The foregoing illustrates and describes the principles, general features, and advantages of the present invention. It will be understood by those skilled in the art that the present invention is not limited to the embodiments described above, which are described in the specification and illustrated only to illustrate the principle of the present invention, but that various changes and modifications may be made therein without departing from the spirit and scope of the present invention, which fall within the scope of the invention as claimed.
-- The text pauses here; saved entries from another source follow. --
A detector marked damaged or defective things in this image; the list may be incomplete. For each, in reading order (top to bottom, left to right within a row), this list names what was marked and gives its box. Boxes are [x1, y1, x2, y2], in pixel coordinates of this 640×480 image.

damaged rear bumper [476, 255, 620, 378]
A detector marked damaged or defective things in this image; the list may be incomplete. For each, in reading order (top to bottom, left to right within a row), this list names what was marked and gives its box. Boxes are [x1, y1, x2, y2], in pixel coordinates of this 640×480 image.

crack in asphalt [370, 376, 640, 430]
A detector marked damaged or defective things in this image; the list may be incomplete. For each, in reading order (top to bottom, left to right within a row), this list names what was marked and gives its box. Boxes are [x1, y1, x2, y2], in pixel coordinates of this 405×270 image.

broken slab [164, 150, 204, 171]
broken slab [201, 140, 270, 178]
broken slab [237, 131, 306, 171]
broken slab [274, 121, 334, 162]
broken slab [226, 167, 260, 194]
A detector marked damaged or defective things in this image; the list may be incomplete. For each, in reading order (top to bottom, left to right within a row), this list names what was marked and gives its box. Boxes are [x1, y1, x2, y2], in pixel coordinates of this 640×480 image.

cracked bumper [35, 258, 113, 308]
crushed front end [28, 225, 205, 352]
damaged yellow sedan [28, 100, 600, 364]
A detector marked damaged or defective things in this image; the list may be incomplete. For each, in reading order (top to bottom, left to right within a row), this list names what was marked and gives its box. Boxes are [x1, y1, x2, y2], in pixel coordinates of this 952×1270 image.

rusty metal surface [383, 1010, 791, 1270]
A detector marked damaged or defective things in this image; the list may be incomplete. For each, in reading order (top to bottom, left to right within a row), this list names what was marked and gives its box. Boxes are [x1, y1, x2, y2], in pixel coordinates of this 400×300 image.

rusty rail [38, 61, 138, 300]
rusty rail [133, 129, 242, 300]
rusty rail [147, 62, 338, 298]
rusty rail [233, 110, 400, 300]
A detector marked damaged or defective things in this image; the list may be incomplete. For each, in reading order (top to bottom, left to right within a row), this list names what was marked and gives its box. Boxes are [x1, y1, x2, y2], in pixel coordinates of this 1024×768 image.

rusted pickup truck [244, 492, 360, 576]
The scope of the invention is defined by the appended claims and equivalents thereof.

Claims

1. A step code based atmospheric optical transmission method with super-Nyquist rate is characterized in that: combining the step code technology with the super Nyquist technology, improving the transmission rate of an atmospheric optical communication system under an exponential Weibull turbulence channel, and reducing the calculation complexity under the condition that the error code performance of the system is not changed, wherein the method specifically comprises the following steps of:

step 1: at a transmitting end, firstly, step code coding is carried out on a binary bit sequence, the binary bit sequence is divided into a plurality of groups and is loaded into a plurality of blocks of step codes, and each row in the blocks is coded by utilizing component code words of BCH codes, so that check bits of each row are obtained, a complete step code block containing information bits and check bits is formed, and step code coding is completed; and PAM modulation is carried out on the signal after the interleaving device is further carried out, the modulated signal is sent to a super-Nyquist shaping filter, and a sending signal s (t) is obtained, namely:

in the formula, s_nRepresents the n-th information symbol after mapping, and g (t) represents the pulse of the super-Nyquist shaping filterImpulse response, T represents the cycle time of each pulse, τ (0 < τ ≦ 1) represents the faster-than-Nyquist factor; loading the formed super-Nyquist signal onto a laser carrier, and sending the laser carrier into an atmospheric turbulence channel which obeys exponential Weibull distribution through a laser diode;

y(t)＝ξhs(t)+z(t)， (2)

Wherein h is a channel fading coefficient, ξ is a photoelectric conversion efficiency, z (t) is a mean value of 0, and a variance σ is²Additive white gaussian noise of (1); the signal is sampled by a super-Nyquist sampler and then is demodulated and deinterleaved by PAM; then, step code decoding is carried out on the signal in a sliding window decoding mode, and iterative decoding is carried out on the line corresponding to each component code word in the sliding window by using limited distance decoding; supposing that the length of a sliding window is L, firstly assisting an all-zero block, then receiving L-1 ladder code blocks from a channel, combining the L-1 ladder code blocks into a sliding window with the length of L to carry out iterative decoding, and outputting a first block in the sliding window when the iteration times reach the maximum; then, a new ladder code block is received, and a sliding window with the length of L is continuously combined for iterative decoding; and by parity of reasoning, continuously performing the process, sequentially outputting all ladder code blocks, and recovering the ladder code blocks into a binary bit sequence after decoding.